Information provided:
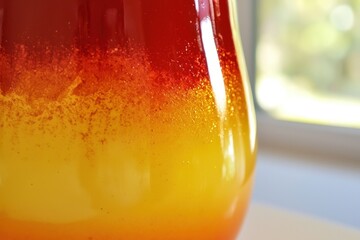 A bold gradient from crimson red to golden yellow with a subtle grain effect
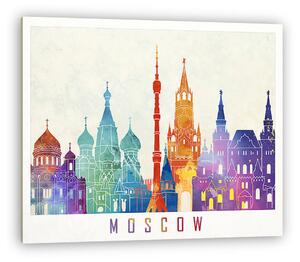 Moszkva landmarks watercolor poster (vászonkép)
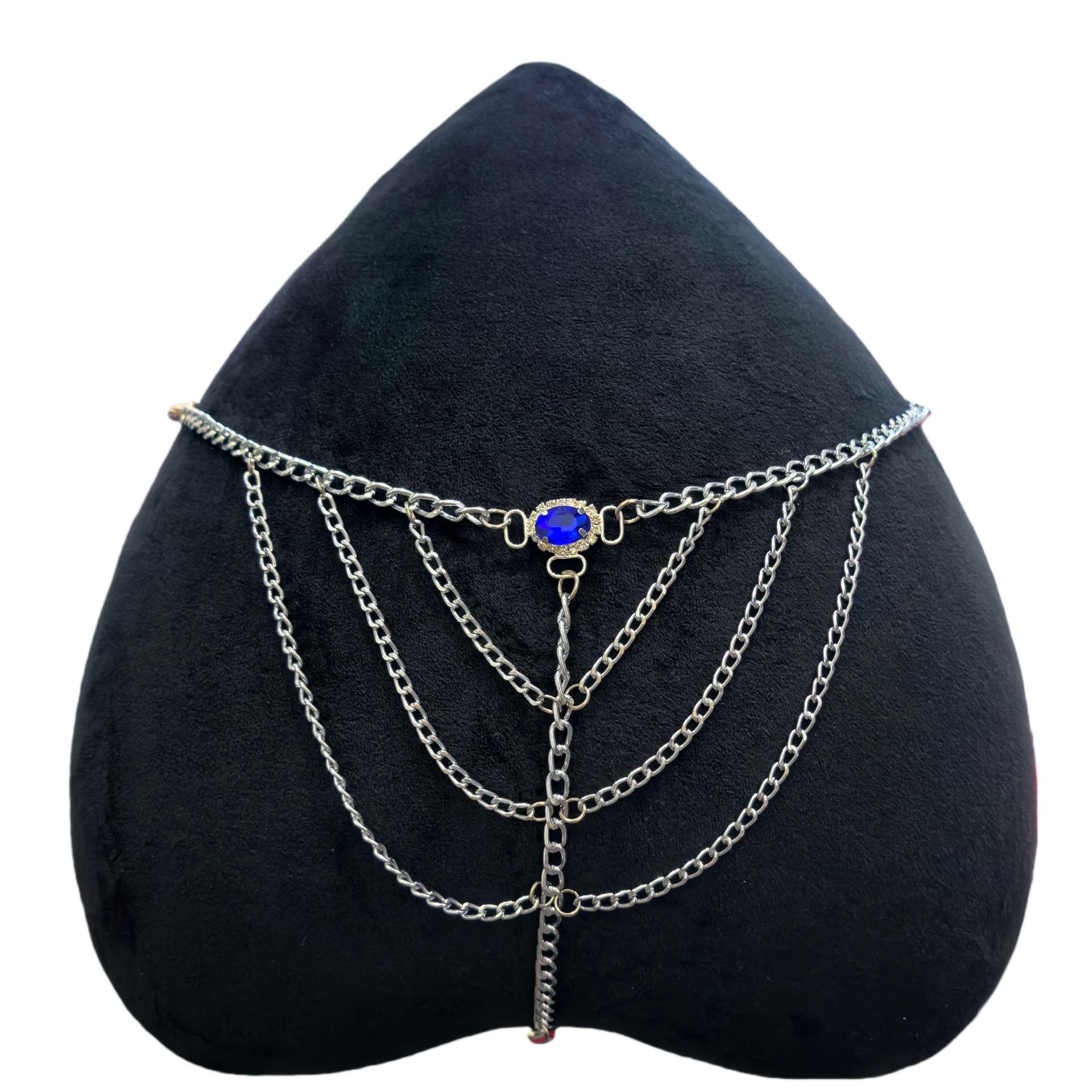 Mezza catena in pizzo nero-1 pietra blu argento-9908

What you will do: Leave out all pictures, then copy the remaining material exactly.

Task solution:
 A bold gradient from crimson red to golden yellow with a subtle grain effect
 Moszkva landmarks watercolor poster (vászonkép)
 Mezza catena in pizzo nero-1 pietra blu argento-9908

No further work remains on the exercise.